Invece accade spesso che si mini con critiche o con frasi sessiste l’impresa compiuta da quella persona sperando che traballi e che cada. Ci diciamo che le cose stanno così, che non sta a noi cambiarle ma penso che questo periodo più che mai ci abbia fatto capire che il modo in cui stavamo vivendo andava rimesso in discussione e che forse, a un esame simile, vanno poste anche le nostre idee.

“Dovremmo essere tutti femministi” è un ottimo modo per iniziare a farlo.

“I maschi e le femmine sono indiscutibilmente diversi sul piano biologico, ma la socializzazione accentua le differenze. E poi avvia un processo che si autorafforza. Prendiamo l’esempio della cucina. Oggi è più probabile che siano le donne a sbrigare le faccende di casa: cucinare e pulire. Ma qual è il motivo? È perché le donne nascono con il gene della cucina o perché anni di socializzazione le hanno portate a credere che cucinare spetti a loro? Stavo per rispondere che forse le donne nascono davvero con il gene della cucina, poi mi sono ricordata che quasi tutti i cuochi famosi del mondo ー quelli che ricevono l’estroso titolo di chef ー sono uomini.

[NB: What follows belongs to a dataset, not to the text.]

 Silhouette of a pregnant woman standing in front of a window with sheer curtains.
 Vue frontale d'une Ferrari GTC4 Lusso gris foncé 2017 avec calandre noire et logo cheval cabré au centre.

Ricordo quando guardavo mia nonna, una donna brillante, e mi chiedevo cosa sarebbe diventata se da giovane avesse avuto le stesse opportunità di un uomo. Oggi una donna ha più opportunità di quante ne avesse mia nonna ai suoi tempi, e questo perché sono cambiate le leggi e le politiche, che sono molto importanti.

Ma a contare ancora di più sono il nostro atteggiamento, la nostra mentalità.

E se, educando i nostri figli, ci concentrassimo sulle capacità invece che sul genere? Sugli interessi invece che sul genere?”.